#### EXERCISE DATA
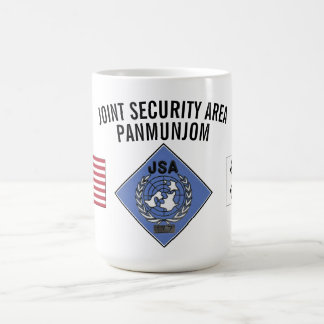 TAZA DE CAFÉ ÁREA COMÚN PANMUNJOM DE LA SEGURIDAD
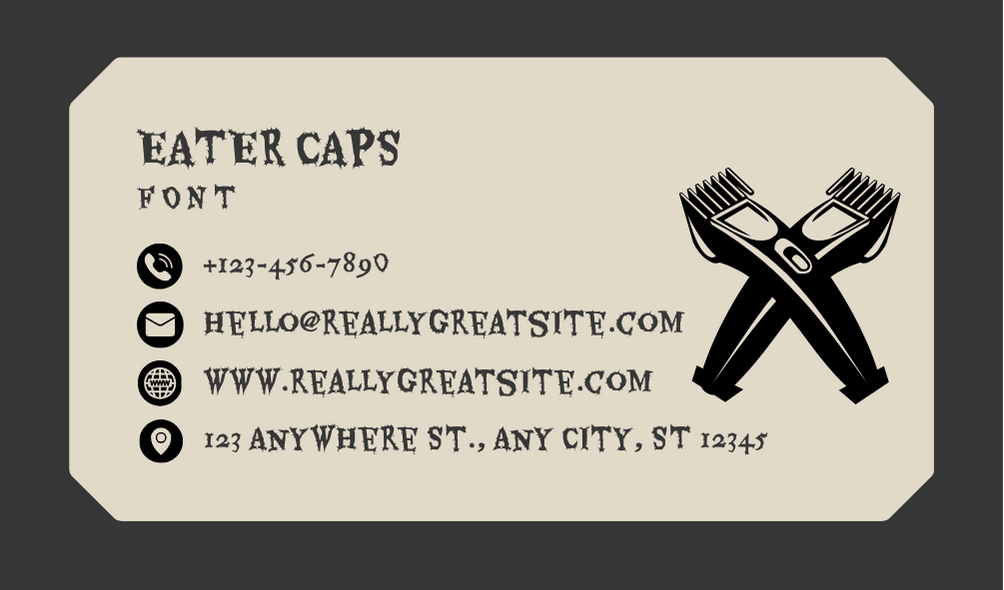 Eater Caps Regular Font | Free Font Download | Download Thousands of Fonts for Free Sample Image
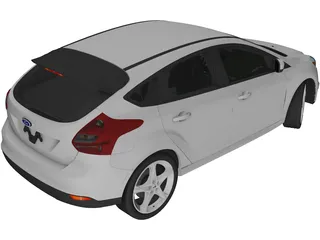 Ford Focus (2014) 3D Model preview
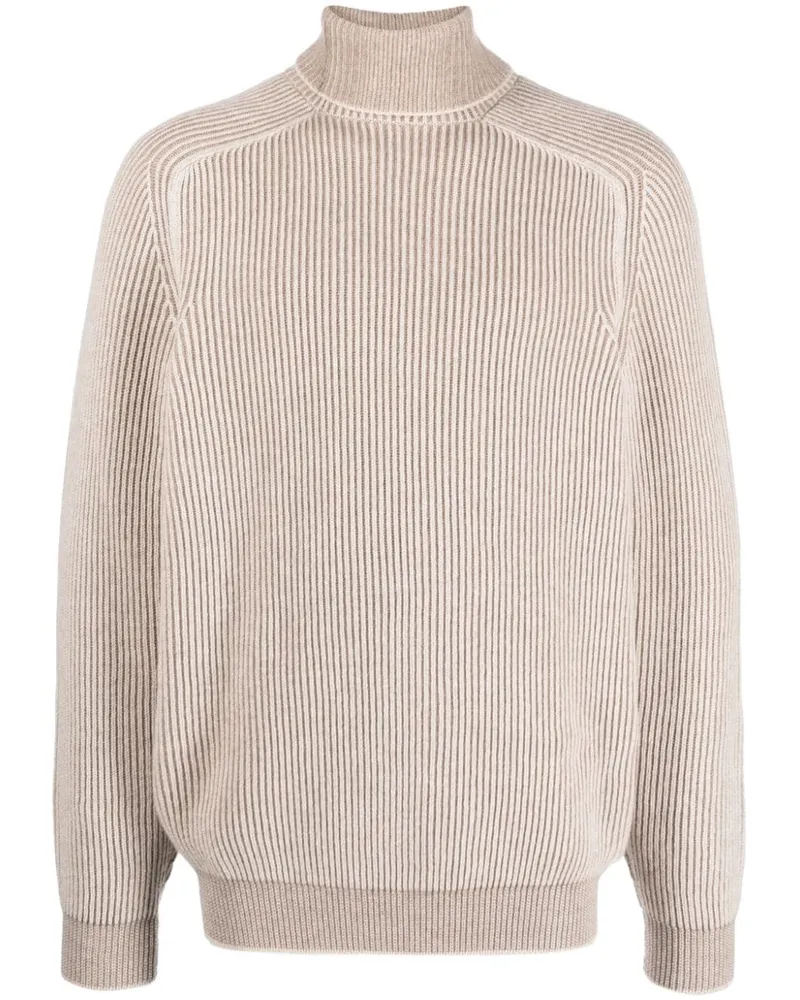 SEASE Kaschmirpullover mit Rollkragen Nude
########
[TASK DETAILS]
Output, word for word, the full listing above, with no pictures.

[YOUR RESPONSE]
 TAZA DE CAFÉ ÁREA COMÚN PANMUNJOM DE LA SEGURIDAD
 Eater Caps Regular Font | Free Font Download | Download Thousands of Fonts for Free Sample Image
 Ford Focus (2014) 3D Model preview
 SEASE Kaschmirpullover mit Rollkragen Nude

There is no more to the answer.